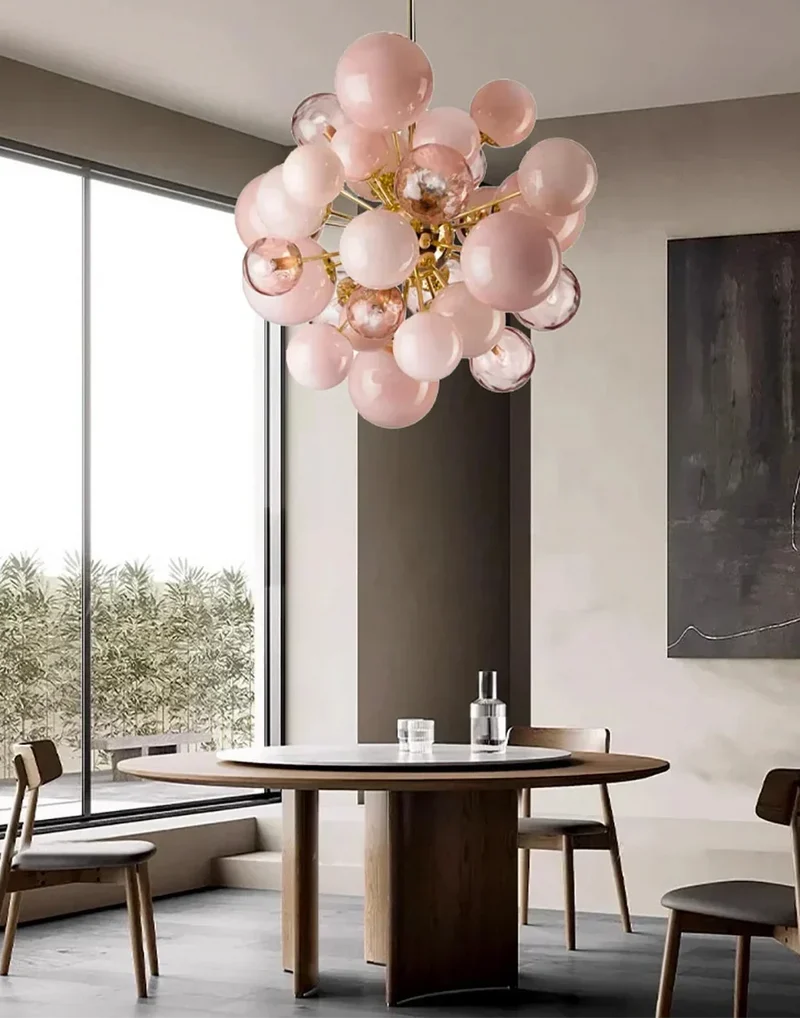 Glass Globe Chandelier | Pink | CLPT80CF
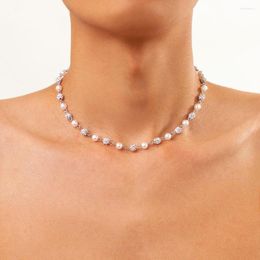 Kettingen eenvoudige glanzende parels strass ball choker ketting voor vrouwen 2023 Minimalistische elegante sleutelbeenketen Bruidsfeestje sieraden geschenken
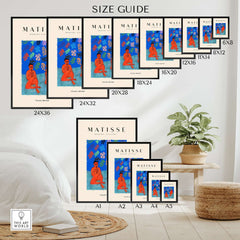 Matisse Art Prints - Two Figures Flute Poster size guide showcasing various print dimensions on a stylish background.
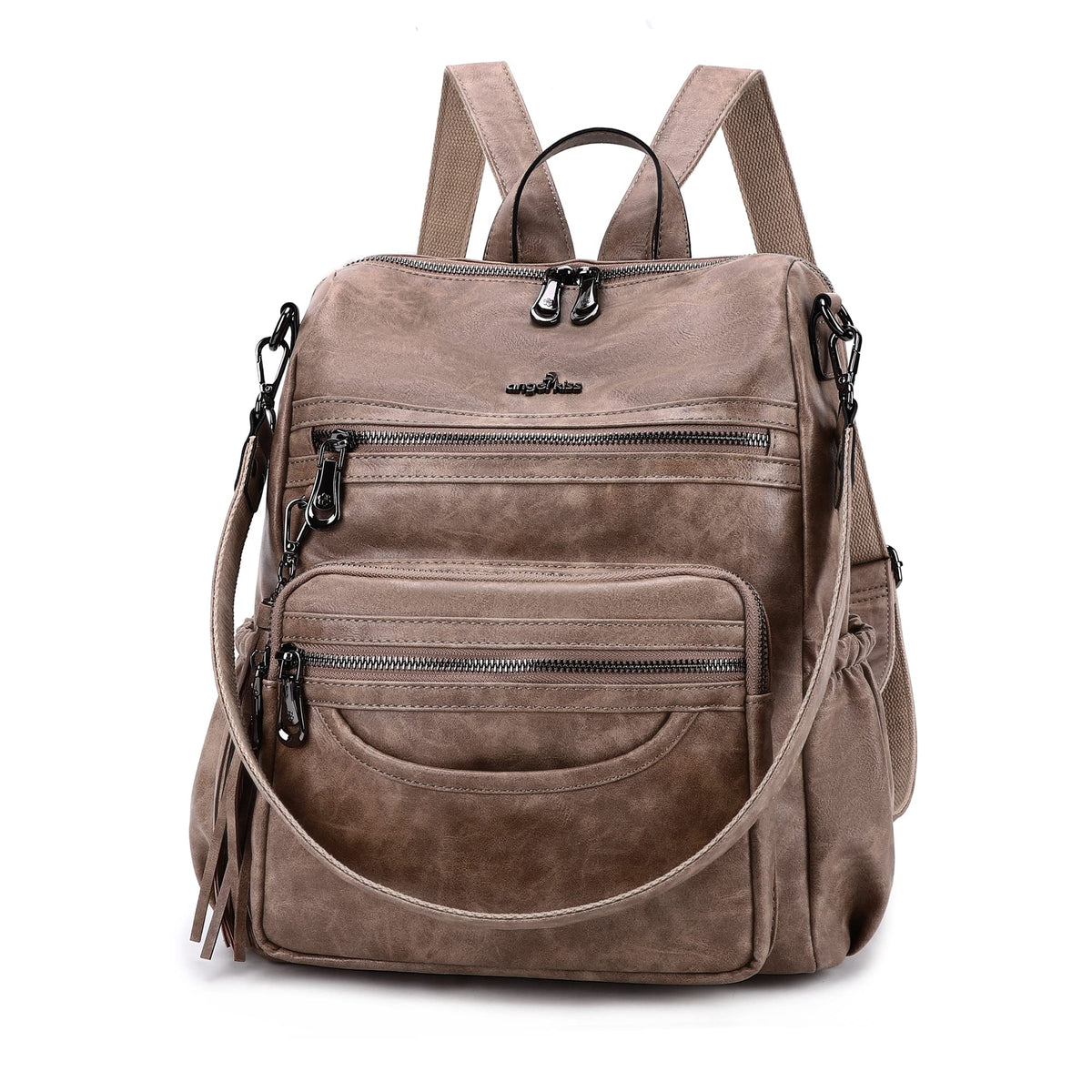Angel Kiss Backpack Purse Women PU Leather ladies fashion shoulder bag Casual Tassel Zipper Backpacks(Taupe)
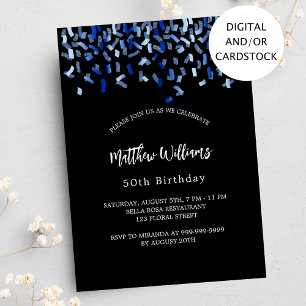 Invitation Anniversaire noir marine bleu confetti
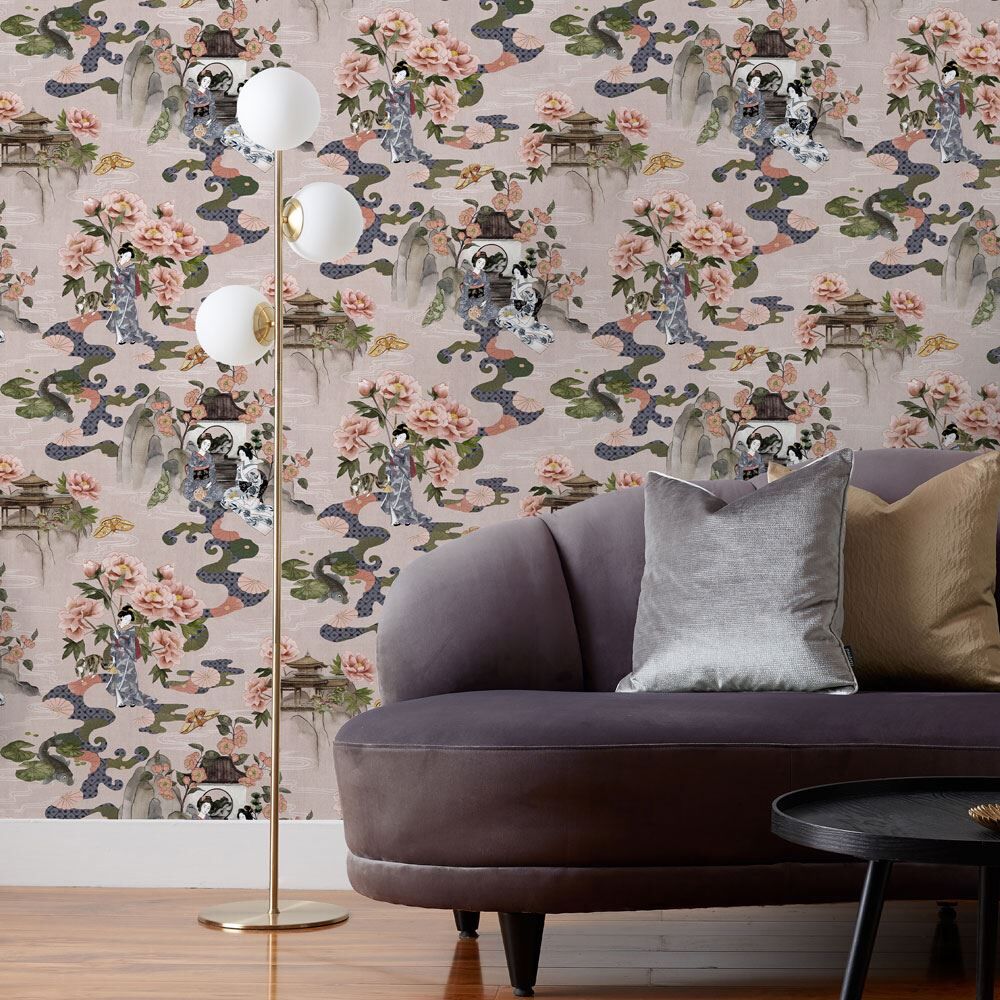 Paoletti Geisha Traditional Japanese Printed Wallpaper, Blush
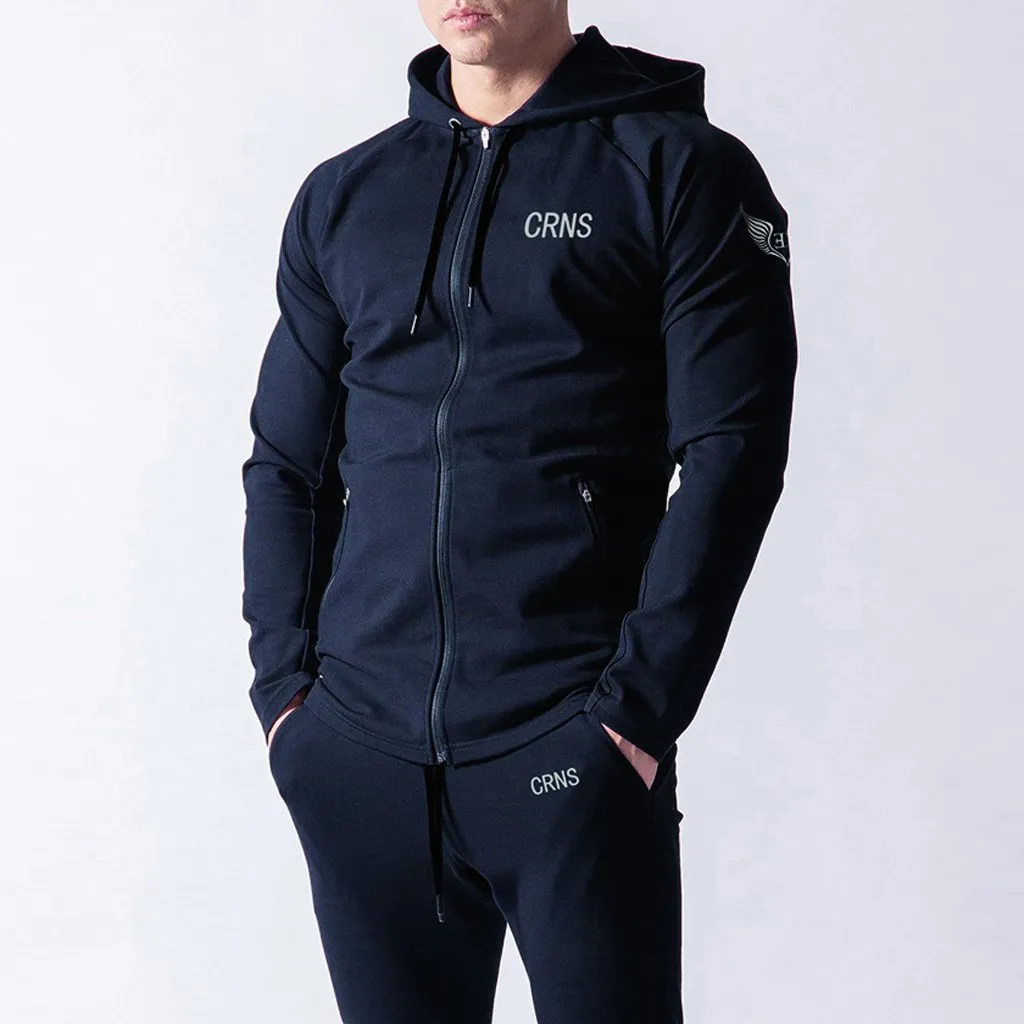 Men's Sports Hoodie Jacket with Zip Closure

- - - - - - -

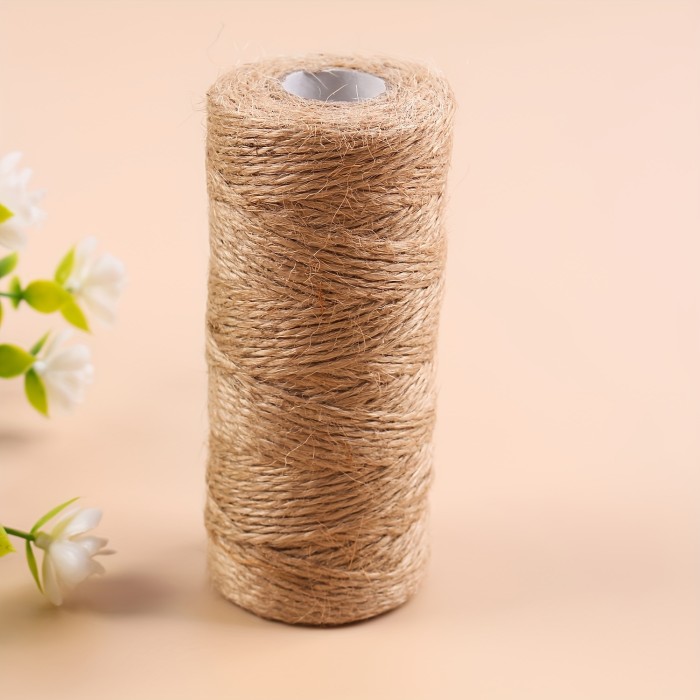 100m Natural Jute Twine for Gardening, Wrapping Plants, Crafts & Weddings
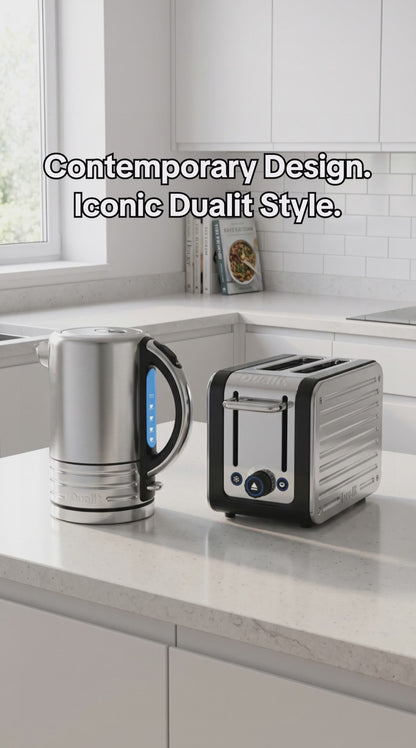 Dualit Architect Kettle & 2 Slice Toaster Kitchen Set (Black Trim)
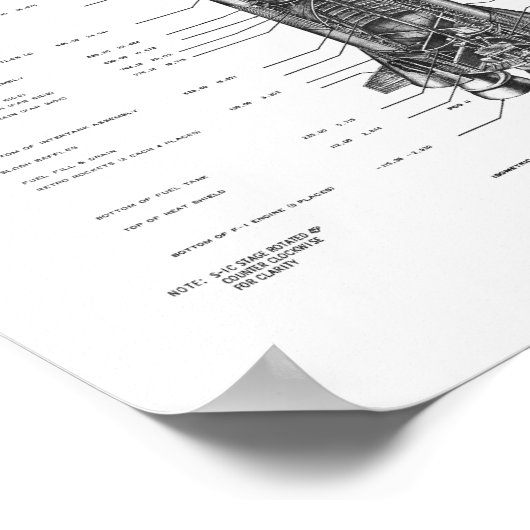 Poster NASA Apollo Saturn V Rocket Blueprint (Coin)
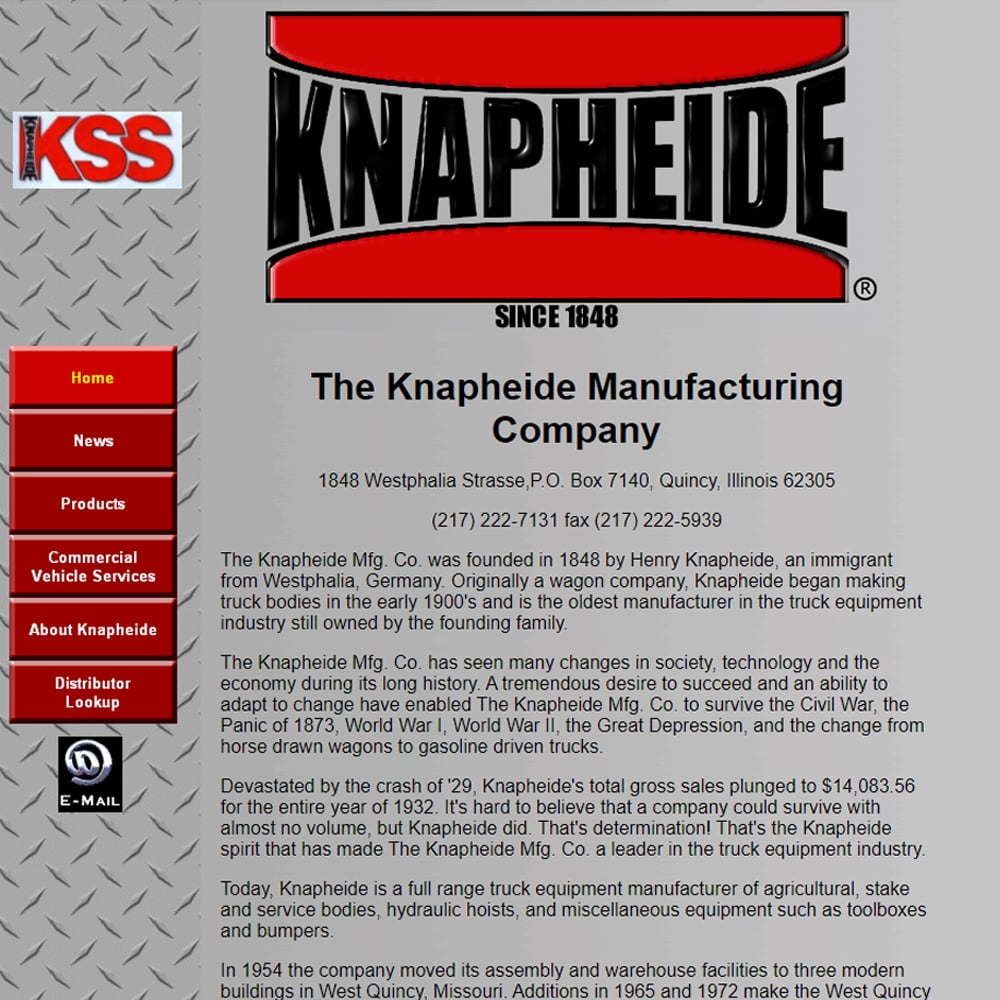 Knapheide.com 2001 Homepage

- - - - - - -

▶ [Task requirements]:
A clean copy is needed of the lines above from the one with "Invitation Anniversaire noir" up to and including the one with "Men's Sports Hoodie Jacket with Zip Closure". Please set it down exactly, with no pictures.

▶ [Written solution]:
 Invitation Anniversaire noir marine bleu confetti
 Paoletti Geisha Traditional Japanese Printed Wallpaper, Blush
 Men's Sports Hoodie Jacket with Zip Closure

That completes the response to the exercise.